Nov 29, 2011 | baseball, General, Xylo

Xylo stands there, staring out the window like he’s a watchdog. I guess he is, just not in the way you’re thinking. He’s a sight hound, so he likes to stare at stuff—blowing leaves, the neighbor’s cat, rodents with bushy tails. Just stares at them, like Medusa though none of his glares ever make them turn to stone. Occasionally he whimpers over it, crying out to the heavens because God hath cursed all dogkind with the invention of glass, separating them from that which they most desire.

I call his name over and over again but either he doesn’t know it or doesn’t care. I throw treats at him, some hit the glass of the door’s full frame window, some hit him and bounce to the floor where they’ll sit, ignored, until I pick them up because having treats all over the floor reminds me of my parent’s house where the carpet looks like a gravel parking lot except the gravel is actually dog biscuit crumbs.

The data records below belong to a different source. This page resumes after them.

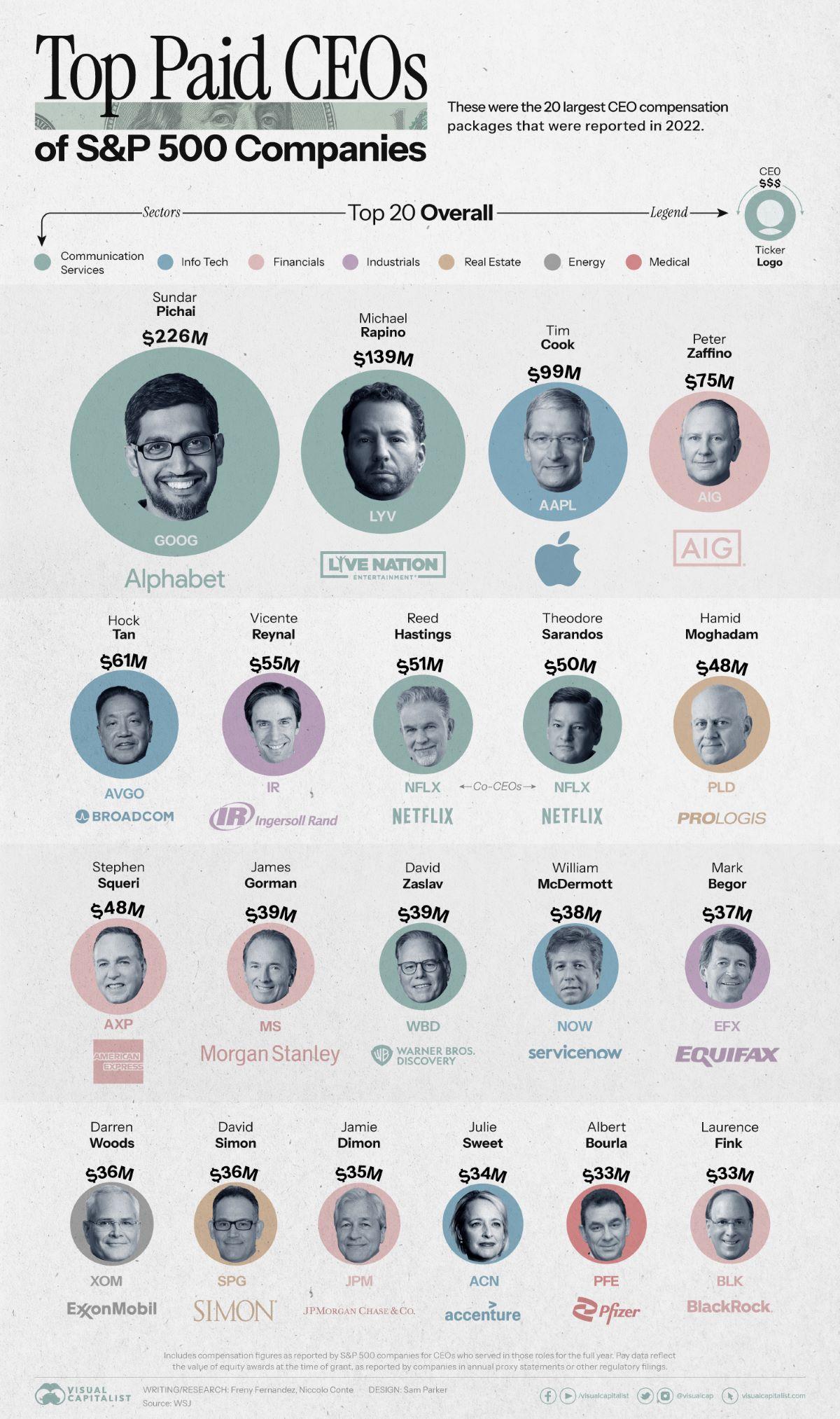 Highest Paid CEOs of S&P 500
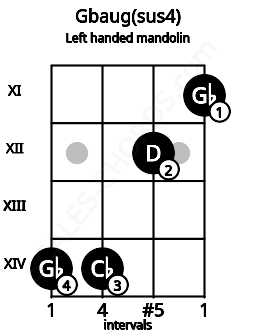 Fretboard image for the Gbaug(sus4) chord on left handled mandolin frets: 11 12 14 14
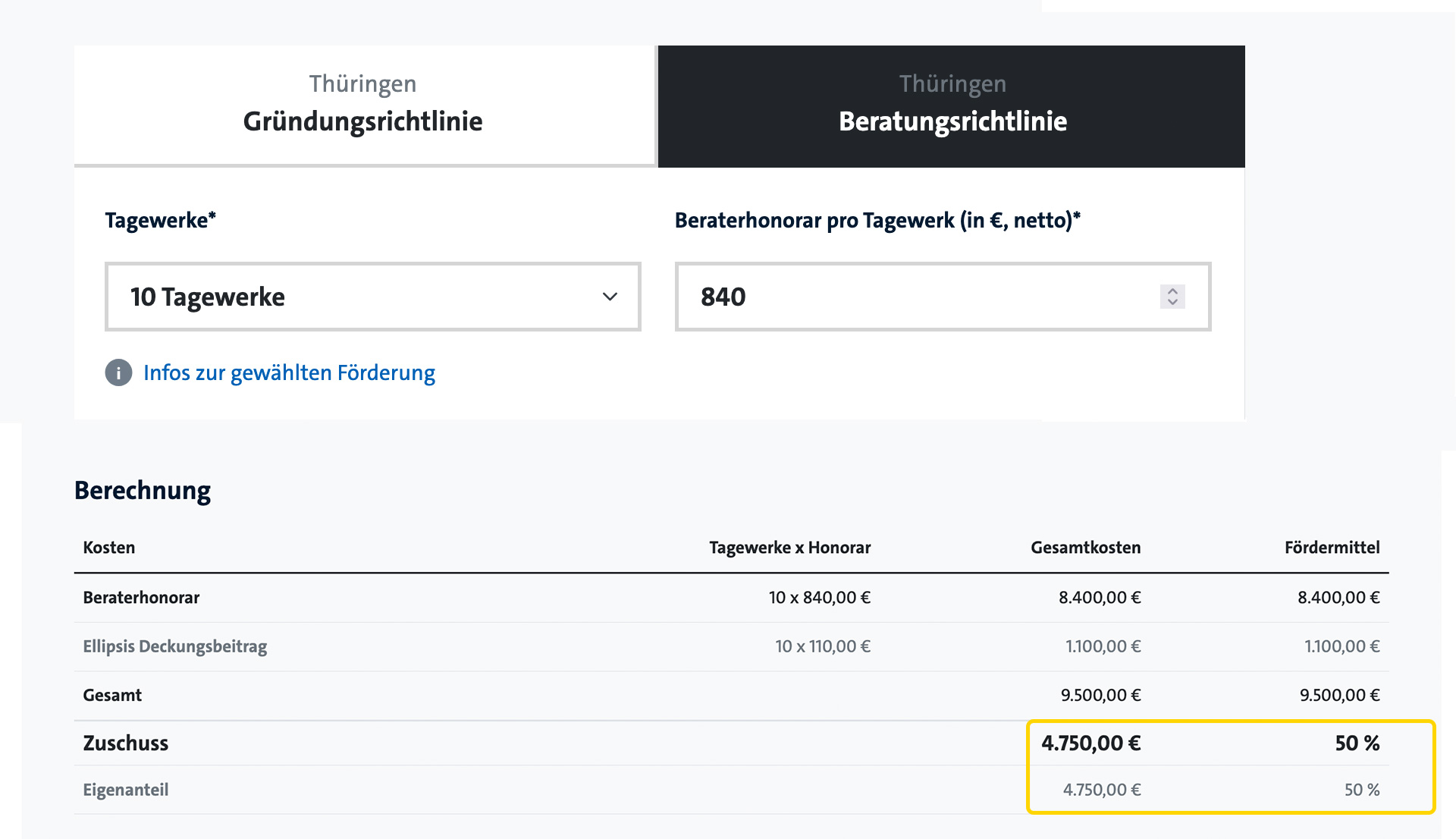 Screenshot vom Zuschussrechner zeigt Zuschuss und Eigenanteil der Förderung für Unternehmen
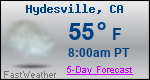Weather Forecast for Hydesville, CA
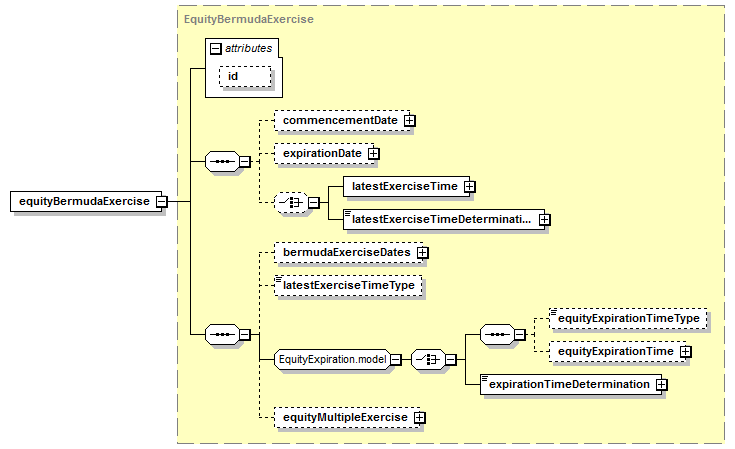schemaDocumentation/schemas/fpml-eqd-5-7_xsd/complexTypes/EquityExerciseValuationSettlement/equityBermudaExercise.png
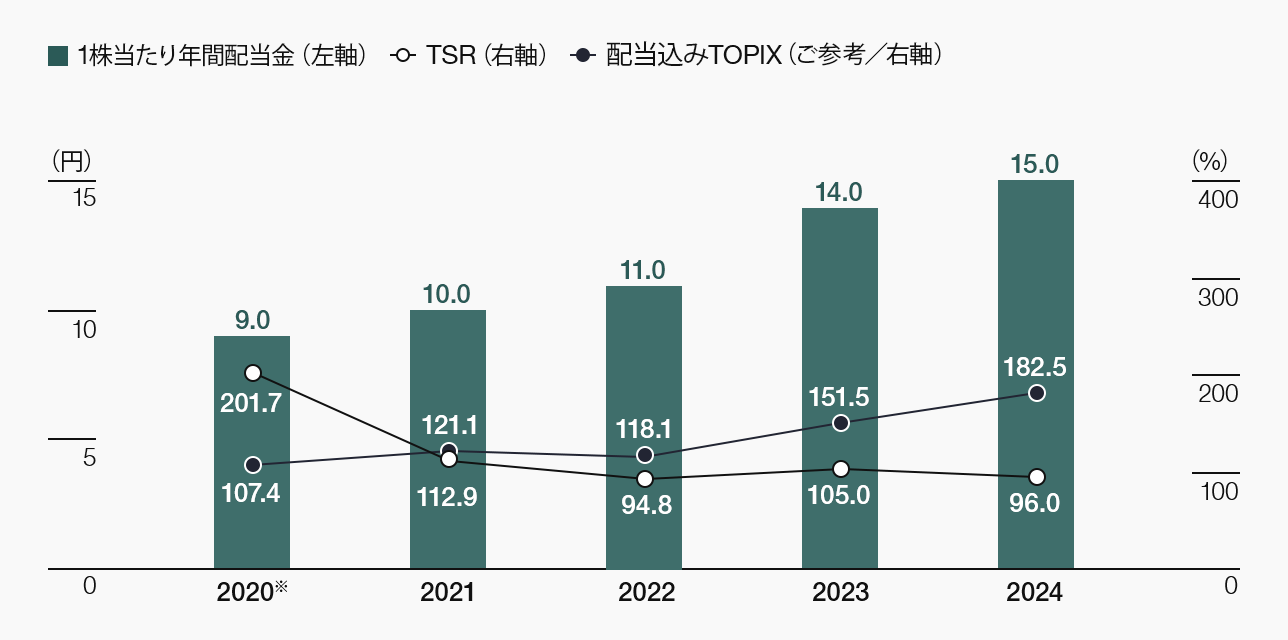 1株当たり年間配当金/株主総利回り(TSR)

I cease fire utterly defeated. I spent a damn fortune on all kinds of dog treats; stuff that looks like fruit snacks, designer bone shaped biscuits, and bland brown nuggets that smell like jerky and vinegar. Who comes up with this stuff? Does a dog really give a crap if the treats look like apples and carrots and beans? When was the last time a dog went vegan? They should make the treats look like cat turds, dead mice, and vomit because my parent’s dogs loved eating that stuff. And why color them in corresponding fruit and vegetable colors? Aren’t dogs color blind? Grayscale all of it. Hell, it might actually work better that way. I mean, Cliff Bars look like squares of sludge and I eat them just fine, and aren’t people paying ridiculous sums of cash to drink coffee made from java beans that animals crap out? Applying the same advertising tactics to dog treats seems like a no brainer. Treats that look like sludge and are made from crap are probably something a dog would eat anyway—not a bean or carrot. And, according to human logic, if it looks like shit it’s probably rare and/or healthy for you. Just call it a delicacy and it will sell. A win win!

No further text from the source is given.